By normalizing the environment around the brain and spinal cord and enhancing the body’s ability to self-correct, Cranial-Sacral Therapy is able to alleviate a wide variety of dysfunction that includes:
- Migraines and Headaches
- Chronic Neck and Back Pain
- Chronic Fatigue
- Motor-Coordination Impairments
- Infant and Childhood Disorders
- Brain and Spinal Cord Injuries
- Stress and Tension-Related Disorders
- Central Nervous System Disorders
- Post-Traumatic Stress Disorder
- Learning Disabilities
However, clients with acute aneurysm, cerebral hemorrhage or other preexisting severe bleeding disorders would not benefit due to the negative impact that small changes in intracranial pressure could bring from an application of Cranial-Sacral Therapy. Concerned clients should seek the advisement of their physician before they receive Cranial-Sacral Therapy.
The Case Study
After discussing treatment options with Katie's parents, the goal chosen was to use Cranial-Sacral therapy to promote a better sleep pattern for Katie, which would also benefit the rest of the family. We schedule our first session.
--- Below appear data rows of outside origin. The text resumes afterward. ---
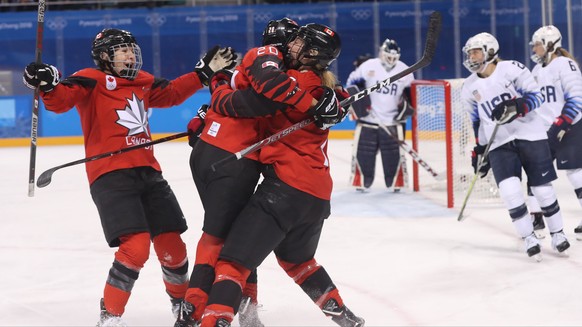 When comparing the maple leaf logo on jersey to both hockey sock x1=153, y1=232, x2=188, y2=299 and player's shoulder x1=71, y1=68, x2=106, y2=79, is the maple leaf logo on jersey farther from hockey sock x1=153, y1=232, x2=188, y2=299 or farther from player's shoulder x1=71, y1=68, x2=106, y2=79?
hockey sock x1=153, y1=232, x2=188, y2=299

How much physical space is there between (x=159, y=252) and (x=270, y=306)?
590 millimetres

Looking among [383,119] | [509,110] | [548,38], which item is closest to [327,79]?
[509,110]

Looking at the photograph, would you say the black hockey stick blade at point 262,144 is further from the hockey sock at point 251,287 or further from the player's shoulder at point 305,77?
the hockey sock at point 251,287

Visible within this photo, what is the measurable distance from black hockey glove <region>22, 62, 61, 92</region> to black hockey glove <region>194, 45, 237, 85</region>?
522 mm

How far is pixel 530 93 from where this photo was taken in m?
4.13

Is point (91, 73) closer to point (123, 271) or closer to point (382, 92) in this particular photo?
point (123, 271)

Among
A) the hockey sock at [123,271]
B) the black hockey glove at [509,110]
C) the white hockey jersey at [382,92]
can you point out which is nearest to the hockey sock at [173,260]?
the hockey sock at [123,271]

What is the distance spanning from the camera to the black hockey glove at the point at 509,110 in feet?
13.1

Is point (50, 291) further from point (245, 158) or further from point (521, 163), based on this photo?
point (521, 163)

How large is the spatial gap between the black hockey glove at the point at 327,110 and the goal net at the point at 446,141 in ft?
10.8

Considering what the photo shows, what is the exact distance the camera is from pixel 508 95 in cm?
422

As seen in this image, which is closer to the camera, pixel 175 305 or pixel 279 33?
pixel 279 33

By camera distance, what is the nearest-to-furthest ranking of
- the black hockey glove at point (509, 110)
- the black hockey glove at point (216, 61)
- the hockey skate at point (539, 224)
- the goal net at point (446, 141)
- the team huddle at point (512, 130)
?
the black hockey glove at point (216, 61) < the black hockey glove at point (509, 110) < the team huddle at point (512, 130) < the hockey skate at point (539, 224) < the goal net at point (446, 141)

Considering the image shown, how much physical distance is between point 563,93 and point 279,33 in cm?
234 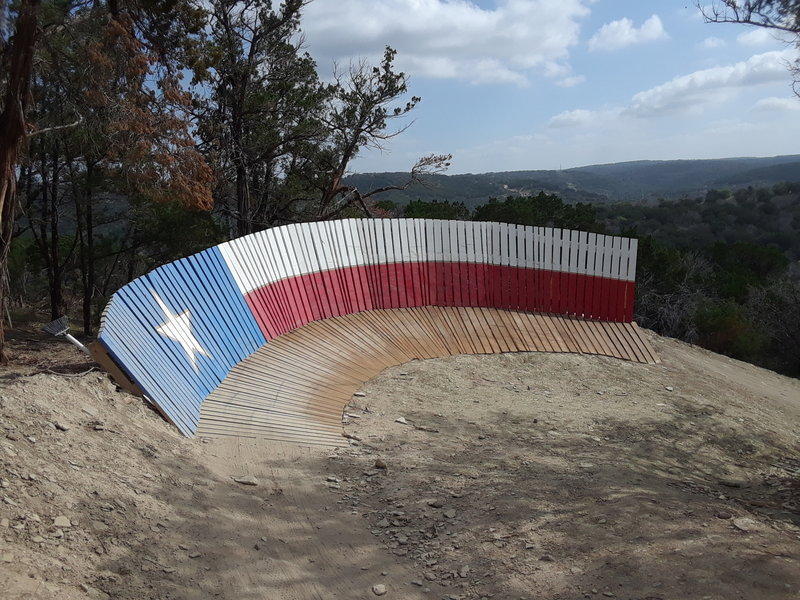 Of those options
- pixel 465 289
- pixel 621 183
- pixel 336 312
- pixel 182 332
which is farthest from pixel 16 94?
pixel 621 183

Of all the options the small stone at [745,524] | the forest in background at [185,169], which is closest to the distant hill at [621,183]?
the forest in background at [185,169]

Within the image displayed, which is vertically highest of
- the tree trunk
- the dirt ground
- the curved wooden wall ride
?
the tree trunk

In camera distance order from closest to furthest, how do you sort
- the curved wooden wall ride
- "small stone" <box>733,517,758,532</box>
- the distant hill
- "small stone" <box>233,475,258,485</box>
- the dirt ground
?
the dirt ground
"small stone" <box>733,517,758,532</box>
"small stone" <box>233,475,258,485</box>
the curved wooden wall ride
the distant hill

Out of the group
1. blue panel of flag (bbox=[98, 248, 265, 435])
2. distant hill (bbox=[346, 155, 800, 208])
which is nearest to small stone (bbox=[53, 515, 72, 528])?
blue panel of flag (bbox=[98, 248, 265, 435])

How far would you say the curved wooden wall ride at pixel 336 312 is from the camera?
6059mm

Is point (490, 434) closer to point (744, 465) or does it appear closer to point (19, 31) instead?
point (744, 465)

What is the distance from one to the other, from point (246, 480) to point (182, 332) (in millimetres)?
2173

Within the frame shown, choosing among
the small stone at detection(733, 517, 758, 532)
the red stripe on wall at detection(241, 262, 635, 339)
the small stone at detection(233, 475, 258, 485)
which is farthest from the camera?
the red stripe on wall at detection(241, 262, 635, 339)

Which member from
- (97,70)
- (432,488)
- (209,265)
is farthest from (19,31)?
(432,488)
When Erin brought Katie over, she was full of energy and could not sit still. As she told me about her hectic weekend, I tried to explain the treatment plan to Erin. After a few minutes we were able to get Katie to lie down on the treatment table. As Erin look on from a chair in the corner, I performed the initial body scan. Katie kept right on chattering, and moving her arms in an attempt to better describe her day. When I held Katie’s occipital region, I confirmed what I initially sensed during the body scan; that Katie’s cranial rhythm was sped up (going approximately twice as fast as it would normally).
As I continued to work on Katie’s cranium, a wondrous event started to take place. There were notable pauses in Katie’s conversation and her breathing pattern started to change. Then during the second CV4 (compression of the ventricle at C4, the fourth cervical vertebrae in the neck), a still point occurred and Katie stop talking altogether in mid-sentence much to Erin’s amazement. Katie’s rhythm had began to slow down and she was now starting to enter a relaxation state. The rest of the session took place in silence. When the session ended, Katie’s rhythm had returned to the normal range. She was calm and sleepy; a much different person that she was at the beginning of the session. I asked Katie if she remembered the moment she stop talking. She nodded and said, “I was attempting to say something and my mind just went blank”.
I instructed Erin to observe Katie’s behavior over the next few days to see how she responded to the treatment. A very happy Erin contacted me about a week later to inform me that since the session, Katie had been sleeping through the night, and that she had been much less hyperactive during the day to the appreciation of her classmates and teachers. The effects of the session lasted over a week. Additional visits with Katie provided the same results that lasted over longer periods. Now sessions are planned based on Katie’s behavior. In this case study, Cranial-Sacral therapy was a powerful treatment directly helping a child with ADD, and indirectly helping them rest of the family to cope.
* First names were used with permission of the family.